Raw data:
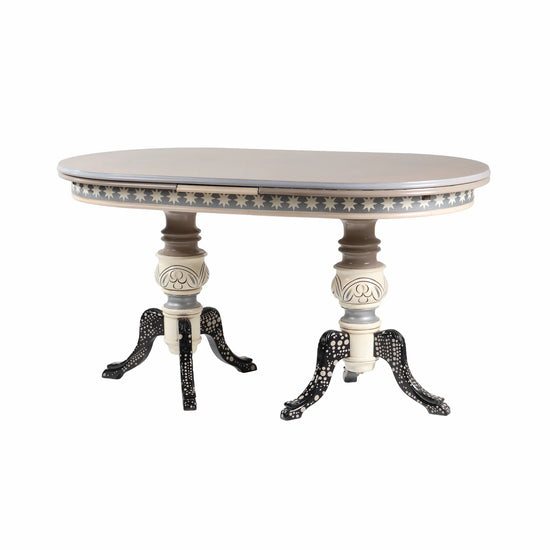 mesa Niza de madera con diseño original y patas decorativas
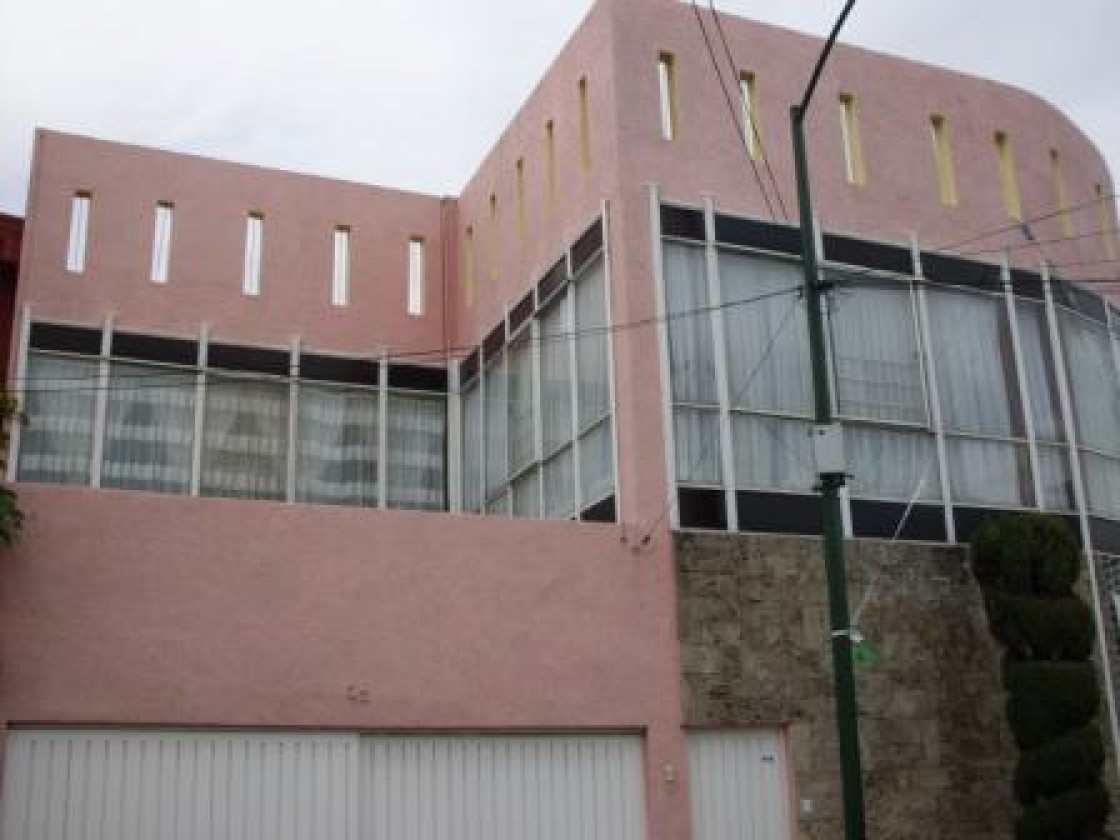 HERMOSA CASA EN LOS OLIVOS COYOACAN en Coyoacan, Distrito Federal 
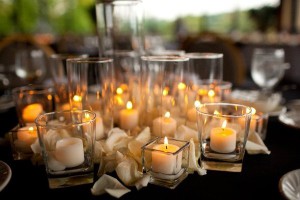 rose petals candles table decoration wedding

Activity: Take the line containing "HERMOSA CASA EN" through the last line of the material and retype exactly those lines, both ends included, with no pictures.

Solution for this exercise:
 HERMOSA CASA EN LOS OLIVOS COYOACAN en Coyoacan, Distrito Federal 
 rose petals candles table decoration wedding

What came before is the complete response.